Red Hat's Secret Patent Deal
Bruce Perens writes "When patent troll Acacia sued Red Hat in 2007, it ended with a bang: Acacia's patents were invalidated by the court, and all software developers, open-source or not, had one less legal risk to cope with. So, why is the outcome of Red Hat's next tangle with Acacia being kept secret, and how is a Texas court helping to keep it that way? Could the outcome have placed Red Hat in violation of the open-source licenses on its own product?"
Copying the first paragraph of TFA, verbatim, does not make a helpful summary.
My Operating Systems instructor (a die hard open source / linux guy) went to testify as an expert at a court case involving patent infringement with some pretty big names involved in this now famous East Texas District court. He was skeptical going out but came back with a different opinion; apparently that court district processes so many IP and software patent claims that the court district that they've become better at dealing with it than any other court. They process the claims faster and the judges are more knowledgeable on the subject than most and run a very tight ship. He said it's easy to see why they might have started those types of cases out there, but the reality now is far different than the picture painted.
How does it feel to be a liar with pants constantly on fire?
IANAL, however it seems that changing the LGPL to specificly deny sealed cases involving patent infringement settlements with out notification of all developers, to be a prudent response. If there is a settlement involving an LGPL'ed software then all developers need to know so that the infringing code can be change, removed, amended, or licensed.
When dealing with a commercial software house there is only one company that needs to license the code and only one set of developers who are aware of the licensing via the
corporate structure. This paradigm is quite different in the opensource community, this is the equivalent of the company having a ruling/ agreement but being bard from informing the developer staff.
IAAL (in fact, IAAPL, I Am A Patent Litigator).

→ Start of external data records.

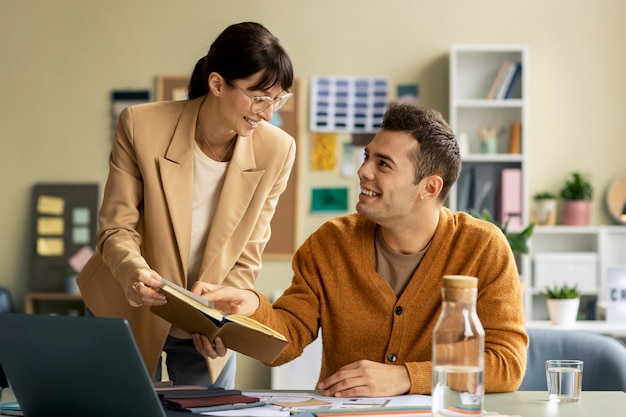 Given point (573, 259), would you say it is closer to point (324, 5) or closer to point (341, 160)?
point (341, 160)

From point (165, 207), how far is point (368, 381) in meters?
0.78

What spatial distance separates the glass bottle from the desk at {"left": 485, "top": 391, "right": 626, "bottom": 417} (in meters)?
0.23

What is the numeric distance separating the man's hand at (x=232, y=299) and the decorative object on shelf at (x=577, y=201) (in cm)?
329

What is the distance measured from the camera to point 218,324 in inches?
62.5

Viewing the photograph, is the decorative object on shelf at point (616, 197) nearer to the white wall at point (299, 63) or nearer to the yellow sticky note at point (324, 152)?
the white wall at point (299, 63)

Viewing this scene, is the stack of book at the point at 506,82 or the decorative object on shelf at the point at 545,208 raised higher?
the stack of book at the point at 506,82

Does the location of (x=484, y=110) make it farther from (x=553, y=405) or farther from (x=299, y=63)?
(x=553, y=405)

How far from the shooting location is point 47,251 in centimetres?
495

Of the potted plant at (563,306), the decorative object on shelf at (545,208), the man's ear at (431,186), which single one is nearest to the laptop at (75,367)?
the man's ear at (431,186)

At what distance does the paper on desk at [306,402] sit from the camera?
145 centimetres

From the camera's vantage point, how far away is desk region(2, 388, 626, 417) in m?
1.47

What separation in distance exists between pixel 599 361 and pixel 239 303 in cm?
85

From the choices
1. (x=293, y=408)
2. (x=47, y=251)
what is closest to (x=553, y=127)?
(x=47, y=251)

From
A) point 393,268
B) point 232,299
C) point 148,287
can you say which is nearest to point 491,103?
point 393,268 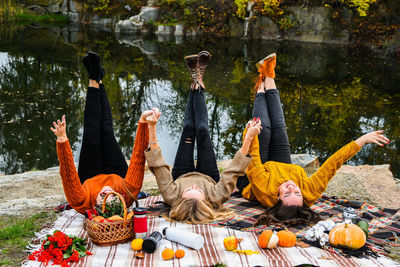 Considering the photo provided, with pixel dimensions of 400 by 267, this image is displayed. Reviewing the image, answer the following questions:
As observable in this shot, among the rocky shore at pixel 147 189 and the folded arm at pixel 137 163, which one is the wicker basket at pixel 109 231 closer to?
the folded arm at pixel 137 163

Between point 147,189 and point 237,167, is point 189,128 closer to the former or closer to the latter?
point 237,167

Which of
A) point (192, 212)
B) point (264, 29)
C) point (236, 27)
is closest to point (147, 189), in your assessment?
point (192, 212)

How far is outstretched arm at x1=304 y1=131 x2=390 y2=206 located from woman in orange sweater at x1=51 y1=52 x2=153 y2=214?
2.24 metres

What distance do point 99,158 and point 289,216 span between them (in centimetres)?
259

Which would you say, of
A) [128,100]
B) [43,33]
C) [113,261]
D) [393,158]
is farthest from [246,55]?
[113,261]

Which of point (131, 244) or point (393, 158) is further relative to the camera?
point (393, 158)

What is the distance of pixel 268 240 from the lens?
4094mm

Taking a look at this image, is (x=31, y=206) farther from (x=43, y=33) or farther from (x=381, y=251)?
(x=43, y=33)

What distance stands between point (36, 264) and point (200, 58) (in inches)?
143

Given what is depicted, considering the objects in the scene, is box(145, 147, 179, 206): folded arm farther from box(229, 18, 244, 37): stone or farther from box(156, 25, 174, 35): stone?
box(156, 25, 174, 35): stone

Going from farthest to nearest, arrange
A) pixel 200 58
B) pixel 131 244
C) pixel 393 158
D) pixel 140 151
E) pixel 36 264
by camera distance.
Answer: pixel 393 158 < pixel 200 58 < pixel 140 151 < pixel 131 244 < pixel 36 264

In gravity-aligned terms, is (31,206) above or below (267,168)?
below

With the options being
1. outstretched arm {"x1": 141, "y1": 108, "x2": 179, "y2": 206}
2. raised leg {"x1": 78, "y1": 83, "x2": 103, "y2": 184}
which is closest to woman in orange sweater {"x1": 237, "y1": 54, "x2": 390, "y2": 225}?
outstretched arm {"x1": 141, "y1": 108, "x2": 179, "y2": 206}

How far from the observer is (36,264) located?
12.2 ft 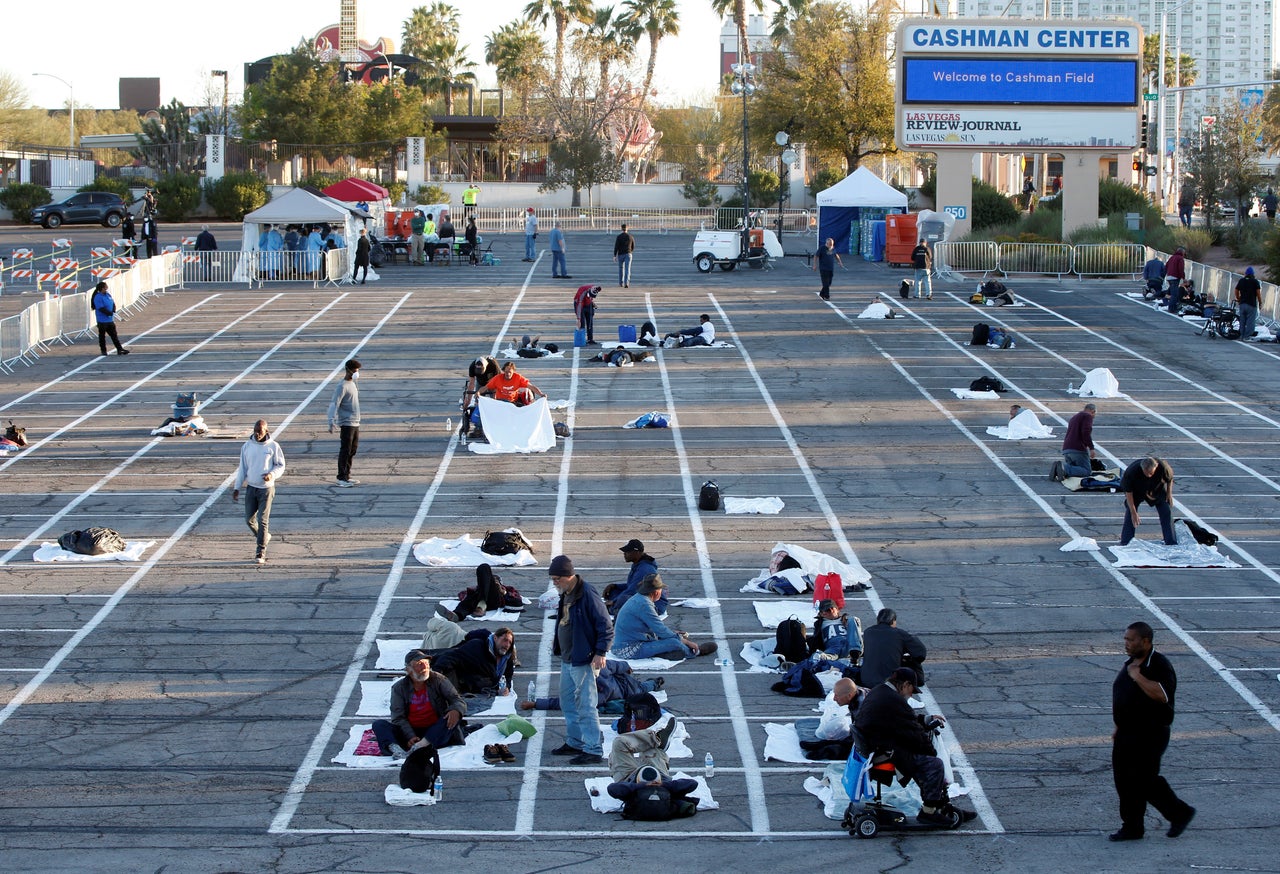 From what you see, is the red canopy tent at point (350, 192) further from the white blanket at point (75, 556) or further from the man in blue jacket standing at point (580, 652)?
the man in blue jacket standing at point (580, 652)

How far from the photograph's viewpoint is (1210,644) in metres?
13.7

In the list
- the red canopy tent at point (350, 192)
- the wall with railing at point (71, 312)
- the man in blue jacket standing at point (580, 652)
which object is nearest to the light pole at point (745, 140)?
the red canopy tent at point (350, 192)

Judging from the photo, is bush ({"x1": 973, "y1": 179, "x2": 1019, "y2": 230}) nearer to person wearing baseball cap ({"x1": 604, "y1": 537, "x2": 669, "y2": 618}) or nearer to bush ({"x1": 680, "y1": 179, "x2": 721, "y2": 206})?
bush ({"x1": 680, "y1": 179, "x2": 721, "y2": 206})

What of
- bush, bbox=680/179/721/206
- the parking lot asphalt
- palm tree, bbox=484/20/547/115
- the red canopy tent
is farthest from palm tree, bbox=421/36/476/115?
the parking lot asphalt

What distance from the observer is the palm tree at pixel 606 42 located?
83.2m

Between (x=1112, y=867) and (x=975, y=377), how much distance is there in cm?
2012

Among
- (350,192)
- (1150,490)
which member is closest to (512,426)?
(1150,490)

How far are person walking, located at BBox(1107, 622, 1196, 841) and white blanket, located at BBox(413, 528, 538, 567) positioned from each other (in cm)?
828

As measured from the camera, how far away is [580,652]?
1082cm

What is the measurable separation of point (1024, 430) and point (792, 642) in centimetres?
1121

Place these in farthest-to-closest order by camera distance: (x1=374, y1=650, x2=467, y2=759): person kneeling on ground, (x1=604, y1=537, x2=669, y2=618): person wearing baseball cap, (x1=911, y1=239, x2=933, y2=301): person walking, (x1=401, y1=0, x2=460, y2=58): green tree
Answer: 1. (x1=401, y1=0, x2=460, y2=58): green tree
2. (x1=911, y1=239, x2=933, y2=301): person walking
3. (x1=604, y1=537, x2=669, y2=618): person wearing baseball cap
4. (x1=374, y1=650, x2=467, y2=759): person kneeling on ground

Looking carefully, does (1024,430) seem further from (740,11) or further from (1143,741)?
(740,11)

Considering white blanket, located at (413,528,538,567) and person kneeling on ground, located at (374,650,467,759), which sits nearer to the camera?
person kneeling on ground, located at (374,650,467,759)

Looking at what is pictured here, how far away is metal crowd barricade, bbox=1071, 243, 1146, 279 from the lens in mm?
41406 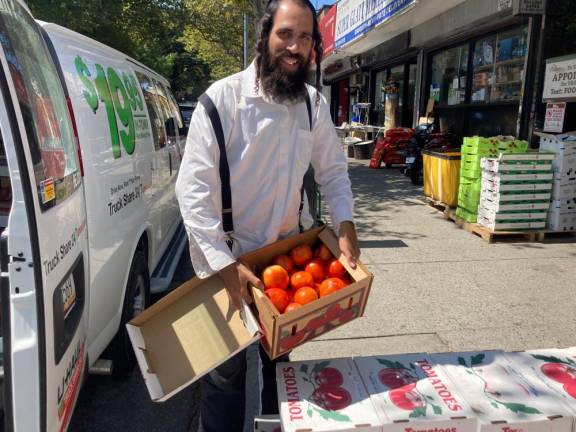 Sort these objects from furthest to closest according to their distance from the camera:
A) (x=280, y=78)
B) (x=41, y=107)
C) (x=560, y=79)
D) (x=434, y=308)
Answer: (x=560, y=79) < (x=434, y=308) < (x=280, y=78) < (x=41, y=107)

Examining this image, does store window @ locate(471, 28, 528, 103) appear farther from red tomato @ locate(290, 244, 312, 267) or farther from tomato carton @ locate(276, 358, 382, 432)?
tomato carton @ locate(276, 358, 382, 432)

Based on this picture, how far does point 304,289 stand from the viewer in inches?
84.0

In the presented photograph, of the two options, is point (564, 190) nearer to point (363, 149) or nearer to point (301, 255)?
point (301, 255)

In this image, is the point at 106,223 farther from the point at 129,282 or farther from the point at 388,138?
the point at 388,138

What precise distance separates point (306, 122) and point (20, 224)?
1.25 meters

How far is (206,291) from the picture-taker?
7.57 feet

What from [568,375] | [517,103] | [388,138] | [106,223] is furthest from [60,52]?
[388,138]

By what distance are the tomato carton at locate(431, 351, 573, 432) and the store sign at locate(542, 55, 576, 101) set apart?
5.38 metres

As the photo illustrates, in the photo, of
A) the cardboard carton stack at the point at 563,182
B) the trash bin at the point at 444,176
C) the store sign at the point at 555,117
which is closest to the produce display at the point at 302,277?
the cardboard carton stack at the point at 563,182

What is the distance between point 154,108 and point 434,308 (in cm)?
306

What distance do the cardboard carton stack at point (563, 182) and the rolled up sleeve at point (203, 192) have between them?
5189 millimetres

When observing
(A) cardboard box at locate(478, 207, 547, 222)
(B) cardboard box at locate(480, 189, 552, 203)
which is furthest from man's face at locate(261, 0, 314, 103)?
(A) cardboard box at locate(478, 207, 547, 222)

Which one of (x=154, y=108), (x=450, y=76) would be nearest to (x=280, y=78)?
(x=154, y=108)

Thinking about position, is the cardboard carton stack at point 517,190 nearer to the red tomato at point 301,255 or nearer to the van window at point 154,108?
the van window at point 154,108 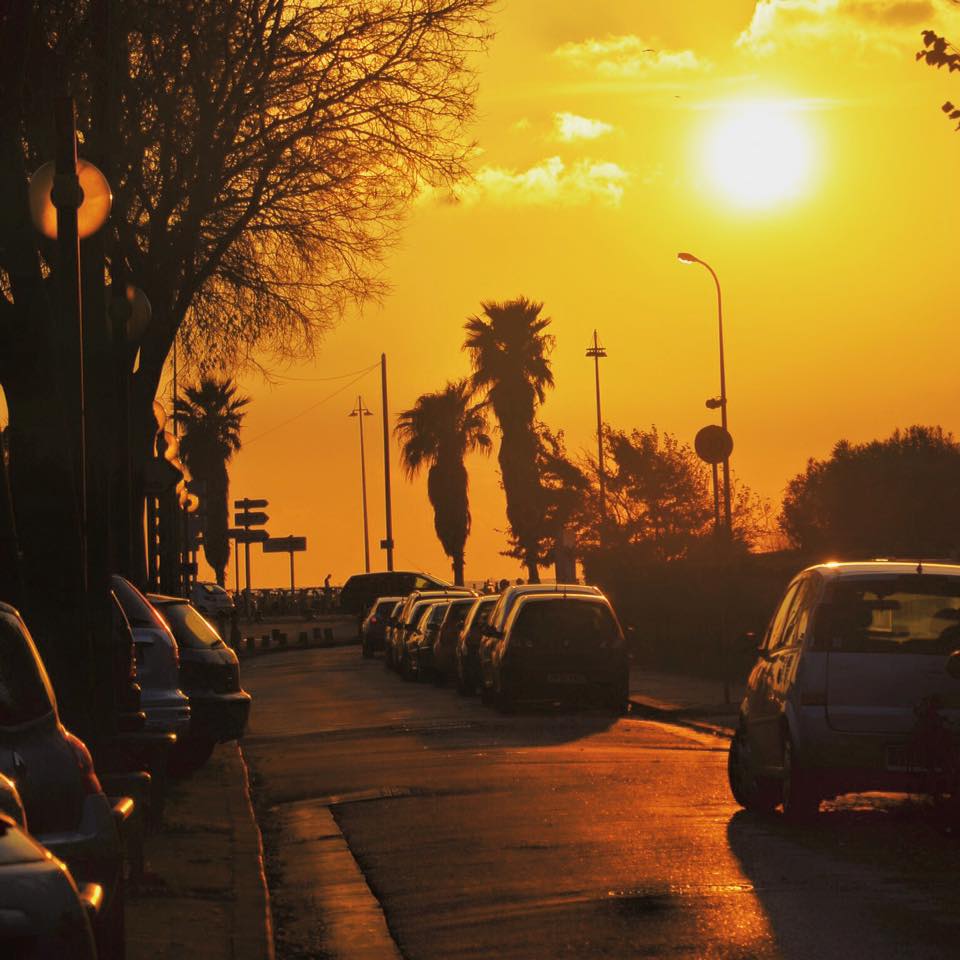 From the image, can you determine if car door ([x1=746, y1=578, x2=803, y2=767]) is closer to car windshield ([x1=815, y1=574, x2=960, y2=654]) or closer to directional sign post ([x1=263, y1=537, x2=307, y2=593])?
car windshield ([x1=815, y1=574, x2=960, y2=654])

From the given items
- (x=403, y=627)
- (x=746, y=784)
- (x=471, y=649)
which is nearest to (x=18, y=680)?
(x=746, y=784)

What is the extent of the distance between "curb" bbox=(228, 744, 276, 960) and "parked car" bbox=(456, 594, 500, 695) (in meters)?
16.9

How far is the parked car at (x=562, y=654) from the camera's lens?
86.4ft

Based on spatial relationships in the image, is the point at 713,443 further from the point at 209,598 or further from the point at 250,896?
the point at 209,598

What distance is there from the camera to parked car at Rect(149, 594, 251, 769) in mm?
17578

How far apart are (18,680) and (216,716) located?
10.8 meters

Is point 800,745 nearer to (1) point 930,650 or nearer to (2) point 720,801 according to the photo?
(1) point 930,650

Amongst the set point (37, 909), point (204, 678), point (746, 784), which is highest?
point (37, 909)

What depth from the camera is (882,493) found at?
93438 millimetres

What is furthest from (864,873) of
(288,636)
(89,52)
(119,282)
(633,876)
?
(288,636)

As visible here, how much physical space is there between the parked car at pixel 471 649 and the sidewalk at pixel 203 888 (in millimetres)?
15810

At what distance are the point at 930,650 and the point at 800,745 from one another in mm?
1052

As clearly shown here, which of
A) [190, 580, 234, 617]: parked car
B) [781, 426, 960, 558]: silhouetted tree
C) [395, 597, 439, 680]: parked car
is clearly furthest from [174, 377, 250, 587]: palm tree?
[395, 597, 439, 680]: parked car

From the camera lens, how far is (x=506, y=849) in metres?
12.2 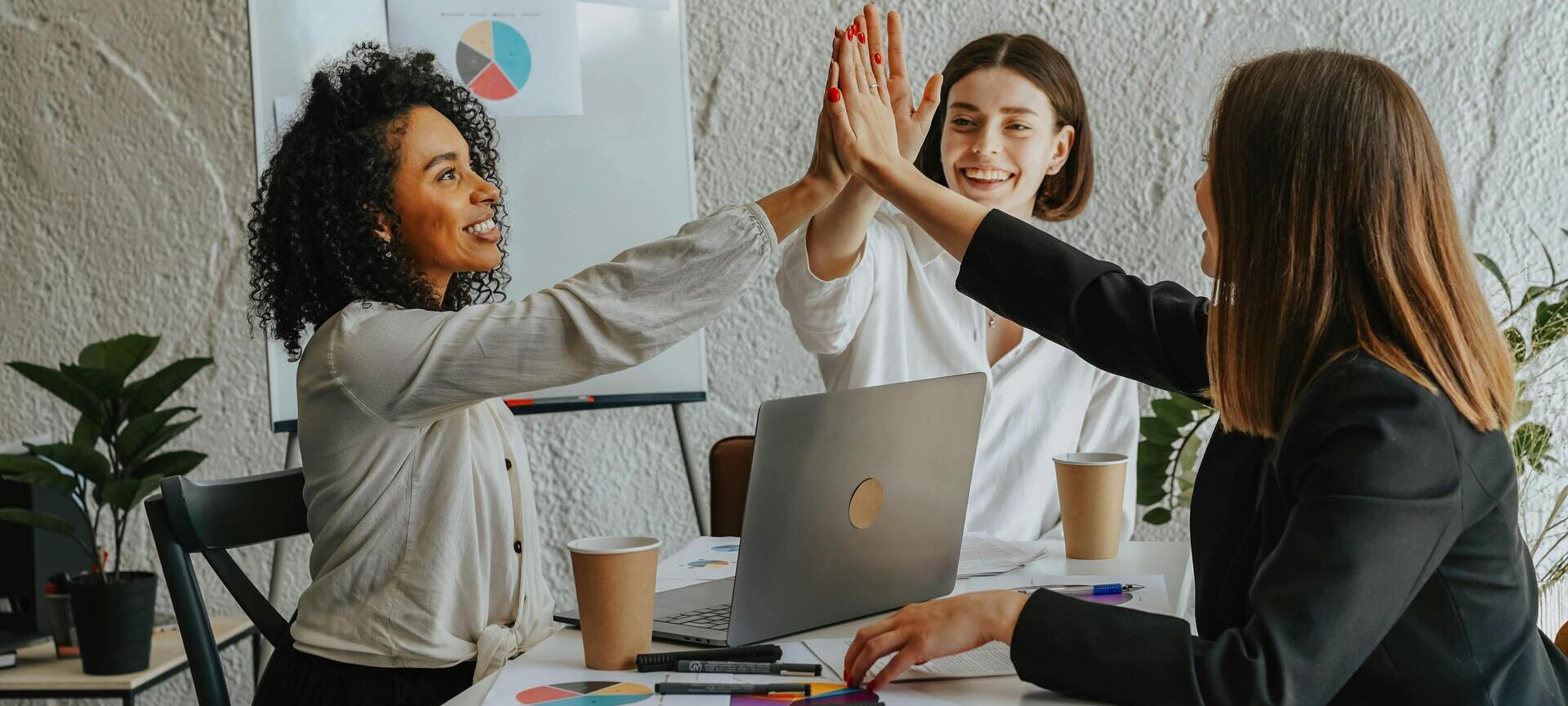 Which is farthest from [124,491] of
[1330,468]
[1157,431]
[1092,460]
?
[1330,468]

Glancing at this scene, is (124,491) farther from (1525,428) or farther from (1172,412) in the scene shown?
(1525,428)

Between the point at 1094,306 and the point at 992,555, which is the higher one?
the point at 1094,306

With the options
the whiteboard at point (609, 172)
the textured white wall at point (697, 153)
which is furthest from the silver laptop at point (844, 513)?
the textured white wall at point (697, 153)

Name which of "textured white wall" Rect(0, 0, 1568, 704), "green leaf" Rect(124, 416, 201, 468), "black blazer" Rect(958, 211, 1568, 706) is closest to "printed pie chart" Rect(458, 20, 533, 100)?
"textured white wall" Rect(0, 0, 1568, 704)

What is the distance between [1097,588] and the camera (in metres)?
1.16

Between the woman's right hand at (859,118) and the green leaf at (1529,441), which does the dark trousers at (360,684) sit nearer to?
the woman's right hand at (859,118)

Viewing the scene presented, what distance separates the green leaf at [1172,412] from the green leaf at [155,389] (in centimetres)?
163

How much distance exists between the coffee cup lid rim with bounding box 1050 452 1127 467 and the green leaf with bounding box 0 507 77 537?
157 centimetres

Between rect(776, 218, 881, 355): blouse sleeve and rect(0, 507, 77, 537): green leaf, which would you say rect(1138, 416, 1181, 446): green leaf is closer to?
rect(776, 218, 881, 355): blouse sleeve

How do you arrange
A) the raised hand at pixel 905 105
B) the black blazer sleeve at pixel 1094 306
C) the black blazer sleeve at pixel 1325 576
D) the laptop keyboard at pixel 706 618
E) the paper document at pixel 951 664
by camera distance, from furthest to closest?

1) Bruce Perens knows nothing of the law. The case was not sealed. You know that because you can use PACER to go on the EDTX docket and look at the case (Civil Action No. 6:09-cv-00097-LED-JDL). If the case itself was sealed, you could not do that. Only really exceptional cases get sealed (i.e. national security cases, some mafia cases). Whether or not the case was sealed has nothing to do with whether the settlement will be publicly available. Nearly all patent cases end with a confidential settlement agreement. Generally, with limited exceptions (e.g. class action cases), there is no requirement to put a settlement of any civil case before the Court or to make it public. The parties simply file a stipulation to dismiss, as was done in this case. Furthermore, Mr. Perens confuses a protective order (which is often a permanant order by the Court not to disclose or use confidential material produced during discovery) with a confidential settlement agreement (which is a contract between the parties, typically enforced by a subsequent breach of contract lawsuit, rather than contempt).
2) The LGPL provision at issue (presumably LGPL 2.1 Paragraph 11) is HORRIBLY DRAFTED. In fact, it is not clear what at all it is meant to do. What does it mean that a judgment or "allegation of patent infringement" "contradict[s] the conditions of this License"? Whether or not RedHat takes a license, a patentee could sue another JBoss user for infringement. Just because the patentee could not sue RedHat again or sue RedHat's paying customers again does not seem to necessarily contradict the conditions of the license. RedHat could not guarantee before or after that 3rd parties would not be sued by the patentee. RedHat is not the one that is impinging on the downstream use of the LGPLed software, the patentee is, so how could RedHat be in breach of the license? The whole section is non-nonsensically meaningless and demonstrate a complete misunderstanding of how patent litigation and licenses work. Sure, if a patent license required Redhat to not distribute the source code to LGPL licensed materials, that would be a clear breach. But that's not how the license works. The license simply would not guarantee that the patentee wouldn't sue individuals who then took that source code and sold a product based on it. No "contradict[ion]" because RedHat is doing nothing to impinge the downstream re-sellers (the patentee is) and the downstream re-sellers are in no worse condition than before the agreement that RedHat entered into.
3) It does not appear from the JBoss documentation that JBoss mentions any particular version of the LGPL. Therefore, under the LGPL, you can choose any verison. LGPL v3 does not have the equivalent non-nonsensical provision.